- _What you are asked to do_
With the pictures left out, write out exactly the lines of the listing below that run from the line with "8-Zoll-Badezimmerspiegel zur Wandmontage, wiederaufladbarer" through the line with "Biker Shorts Cotton".

- _Data shown_
= Beginning of Section =

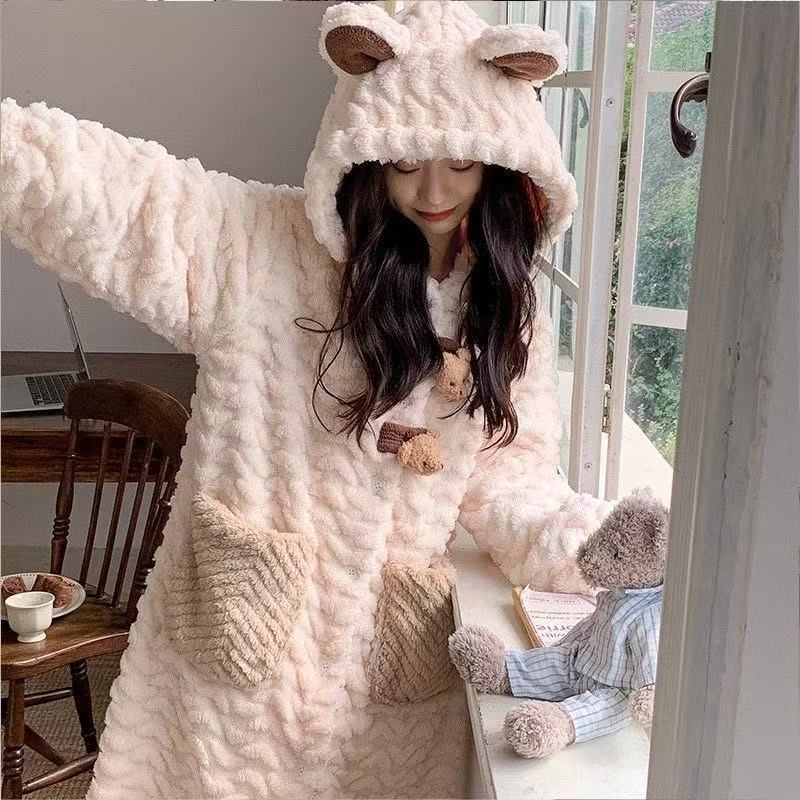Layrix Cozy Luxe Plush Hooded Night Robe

= End of Section =
= Beginning of Section =

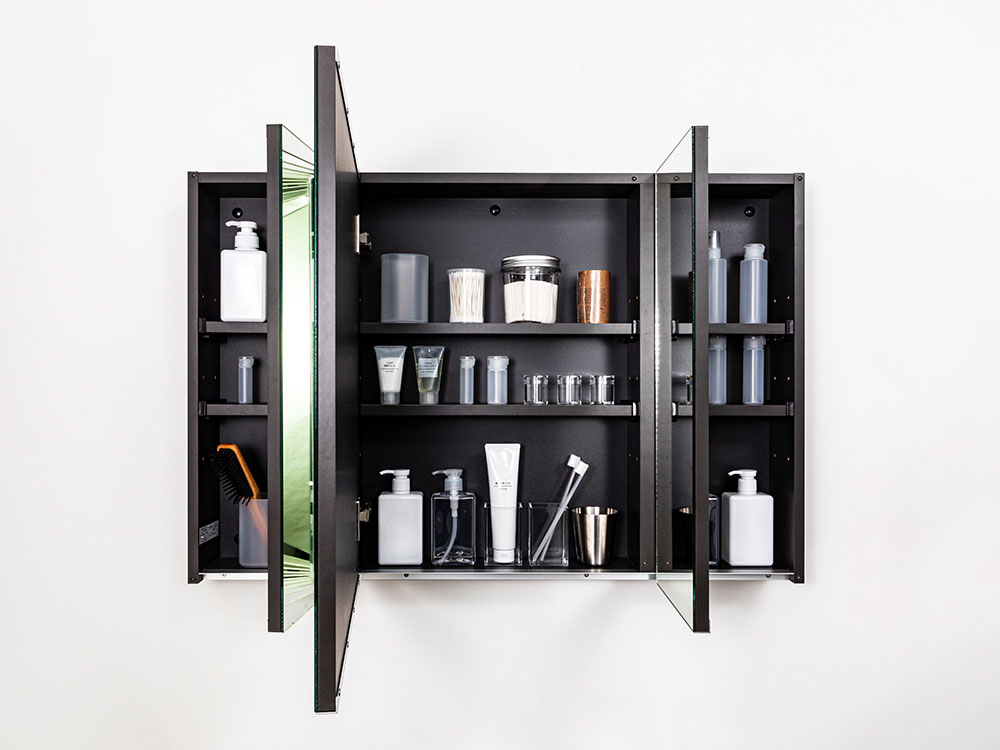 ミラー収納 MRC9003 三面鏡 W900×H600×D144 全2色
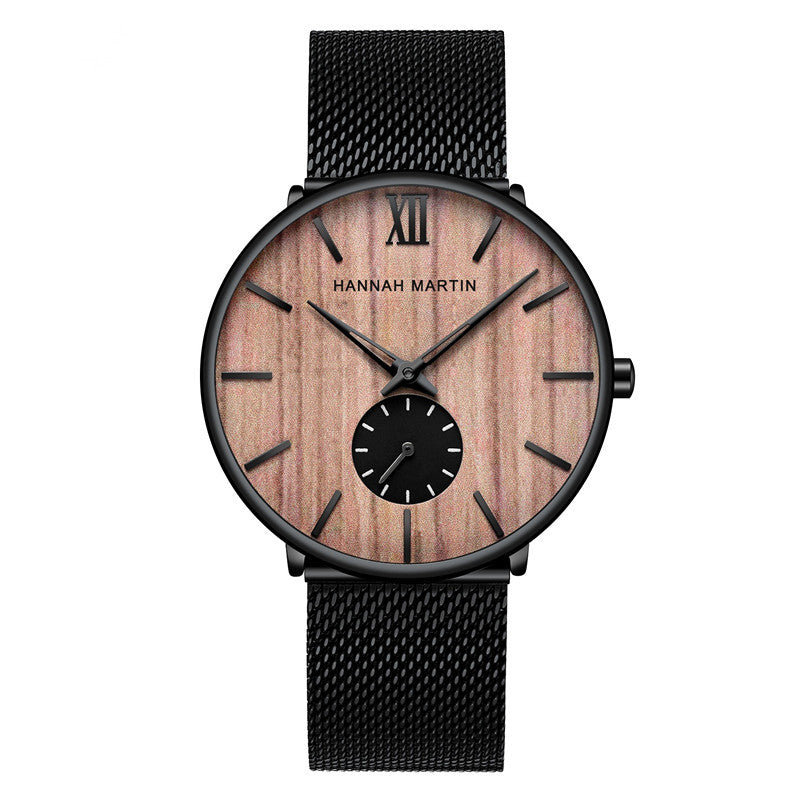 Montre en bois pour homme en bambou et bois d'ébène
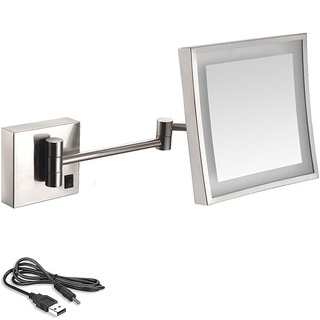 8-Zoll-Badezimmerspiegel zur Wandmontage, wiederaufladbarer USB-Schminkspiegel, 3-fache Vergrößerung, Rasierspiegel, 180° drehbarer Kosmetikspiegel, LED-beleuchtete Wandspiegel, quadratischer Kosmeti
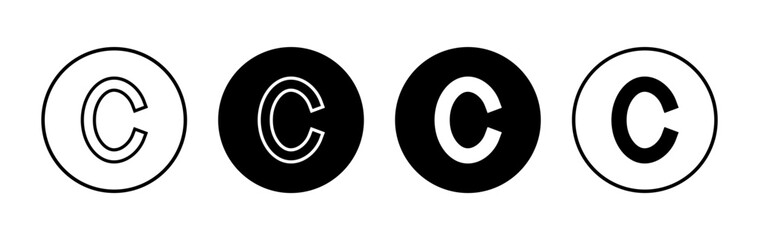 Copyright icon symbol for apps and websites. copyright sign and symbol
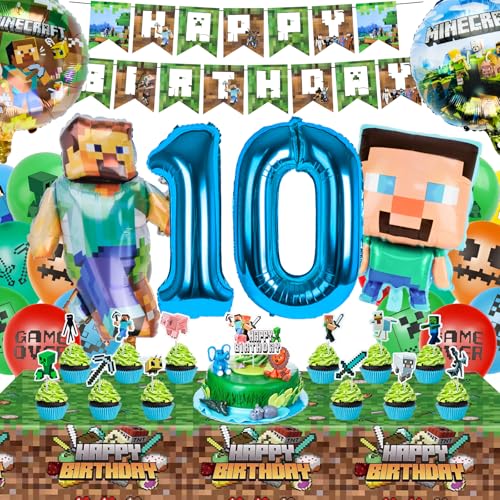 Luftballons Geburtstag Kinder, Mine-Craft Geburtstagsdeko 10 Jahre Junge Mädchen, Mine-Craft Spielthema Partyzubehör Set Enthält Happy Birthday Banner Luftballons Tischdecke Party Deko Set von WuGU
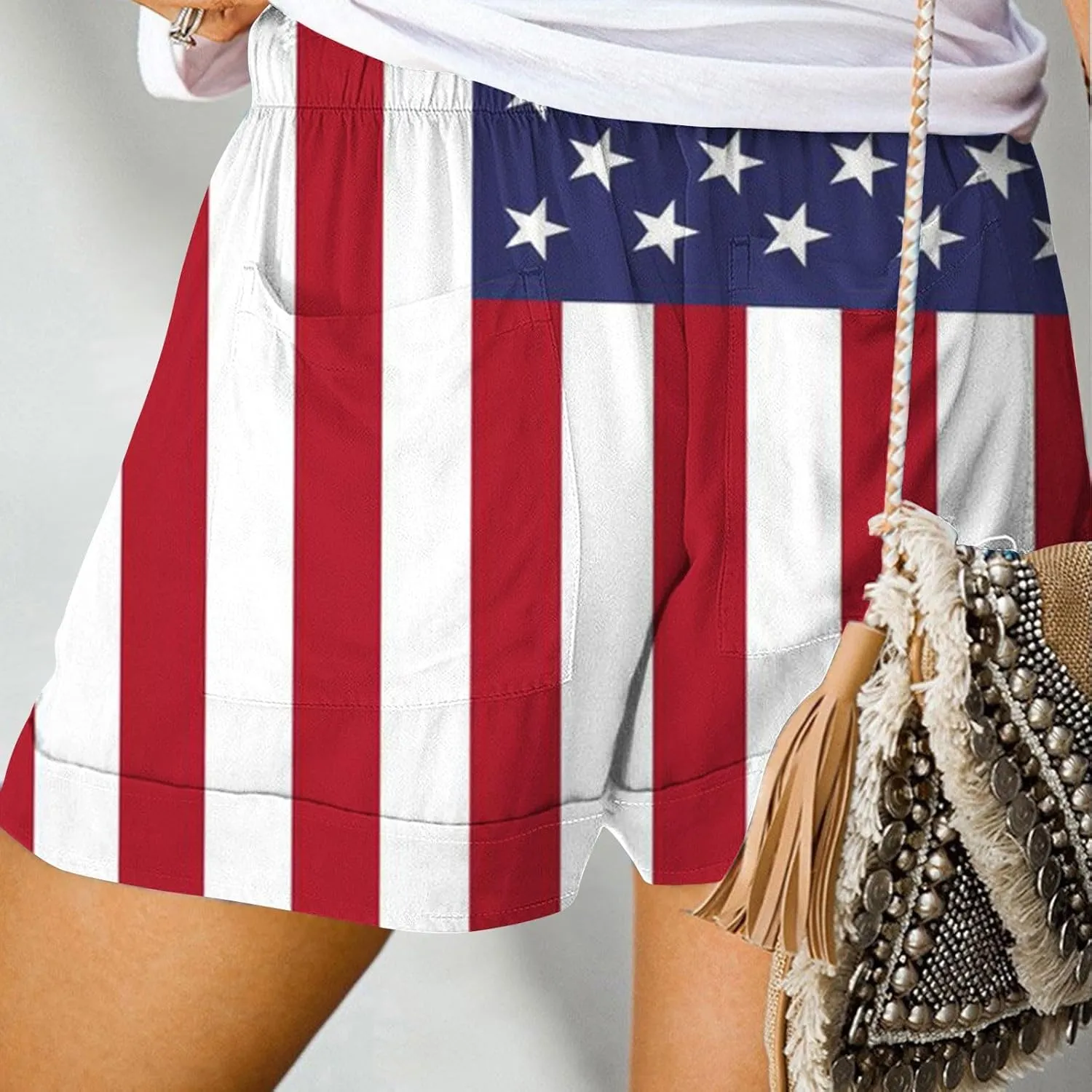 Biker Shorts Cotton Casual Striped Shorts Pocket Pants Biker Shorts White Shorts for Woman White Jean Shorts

= End of Section =

- _Task response_
 8-Zoll-Badezimmerspiegel zur Wandmontage, wiederaufladbarer USB-Schminkspiegel, 3-fache Vergrößerung, Rasierspiegel, 180° drehbarer Kosmetikspiegel, LED-beleuchtete Wandspiegel, quadratischer Kosmeti
 Copyright icon symbol for apps and websites. copyright sign and symbol
 Luftballons Geburtstag Kinder, Mine-Craft Geburtstagsdeko 10 Jahre Junge Mädchen, Mine-Craft Spielthema Partyzubehör Set Enthält Happy Birthday Banner Luftballons Tischdecke Party Deko Set von WuGU
 Biker Shorts Cotton Casual Striped Shorts Pocket Pants Biker Shorts White Shorts for Woman White Jean Shorts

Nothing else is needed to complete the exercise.